除了 NumPy 数组,您还可以传递 'torch.Tensor' 实例,如下面的 Qwen2.5-VL 示例所示。
代码
from transformers import AutoProcessor
from vllm import LLM, SamplingParams
from qwen_vl_utils import process_vision_info
model_path = "Qwen/Qwen2.5-VL-3B-Instruct"
video_path = "https://content.pexels.com/videos/free-videos.mp4"
llm = LLM(
model=model_path,
gpu_memory_utilization=0.8,
enforce_eager=True,
limit_mm_per_prompt={"video": 1},
)
sampling_params = SamplingParams(max_tokens=1024)
video_messages = [
{
"role": "system",
"content": "You are a helpful assistant.",
},
{
"role": "user",
"content": [
{"type": "text", "text": "describe this video."},
{
"type": "video",
"video": video_path,
"total_pixels": 20480 * 28 * 28,
"min_pixels": 16 * 28 * 28,
},
]
},
]
messages = video_messages
processor = AutoProcessor.from_pretrained(model_path)
prompt = processor.apply_chat_template(
messages,
tokenize=False,
add_generation_prompt=True,
)
image_inputs, video_inputs = process_vision_info(messages)
mm_data = {}
if video_inputs is not None:
mm_data["video"] = video_inputs
llm_inputs = {
"prompt": prompt,
"multi_modal_data": mm_data,
}
outputs = llm.generate([llm_inputs], sampling_params=sampling_params)
for o in outputs:
generated_text = o.outputs[0].text
print(generated_text)
注意
'process_vision_info' 仅适用于 Qwen2.5-VL 及类似模型。
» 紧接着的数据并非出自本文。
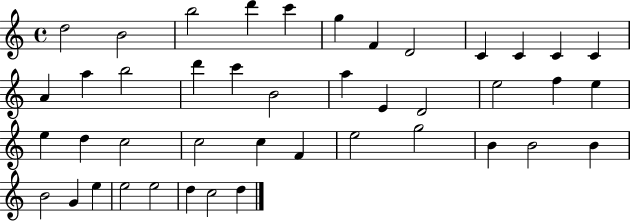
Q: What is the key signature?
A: C major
完整示例: examples/offline_inference/vision_language.py
音频输入¶
您可以将元组 (array, sampling_rate) 传递给多模态字典的 'audio' 字段。
完整示例: examples/offline_inference/audio_language.py
长音频转录的分块处理¶
诸如 Whisper 之类的语音转文字模型具有处理的最大音频长度(通常为 30 秒)。对于更长的音频文件,vLLM 提供了一个实用程序,可以在静音点处智能地将音频拆分为若干块,以最大限度地减少对语音的切断。
import librosa
from vllm import LLM, SamplingParams
from vllm.multimodal.audio import split_audio
# Load long audio file
audio, sr = librosa.load("long_audio.wav", sr=16000)
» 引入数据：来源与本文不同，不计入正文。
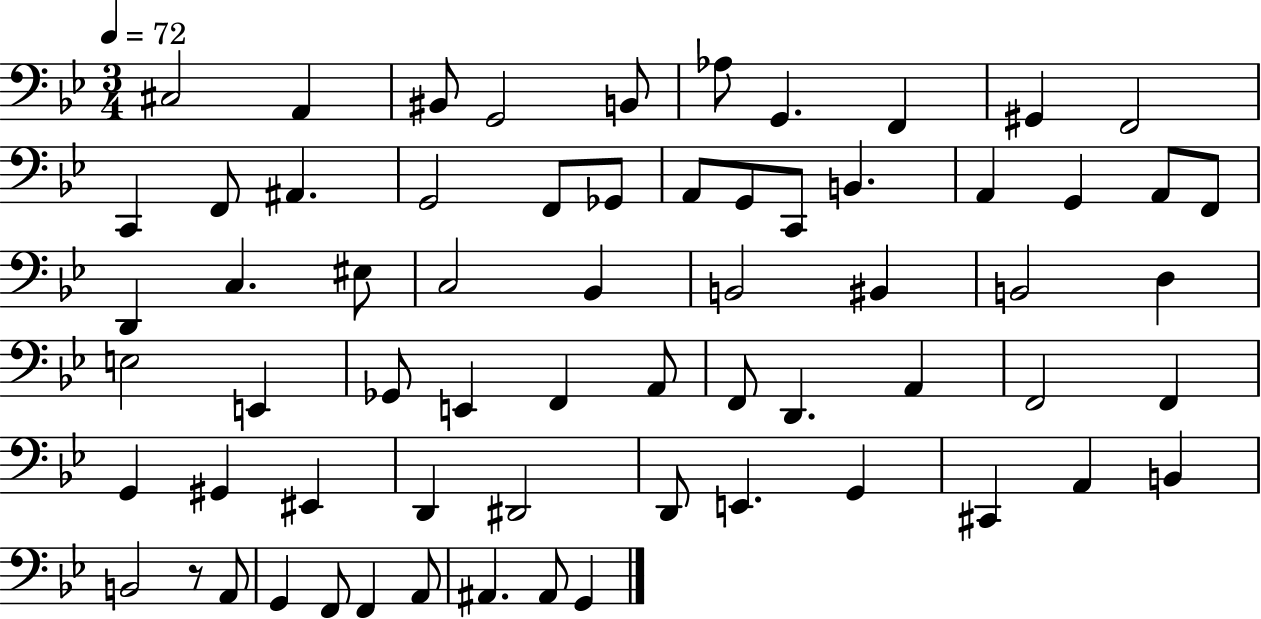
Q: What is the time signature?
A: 3/4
# Split into chunks at low-energy (quiet) regions
chunks = split_audio(
audio_data=audio,
sample_rate=sr,
max_clip_duration_s=30.0, # Maximum chunk length in seconds
overlap_duration_s=1.0, # Search window for finding quiet split points
min_energy_window_size=1600, # Window size for energy calculation (~100ms at 16kHz)
)
# Initialize Whisper model
llm = LLM(model="openai/whisper-large-v3-turbo")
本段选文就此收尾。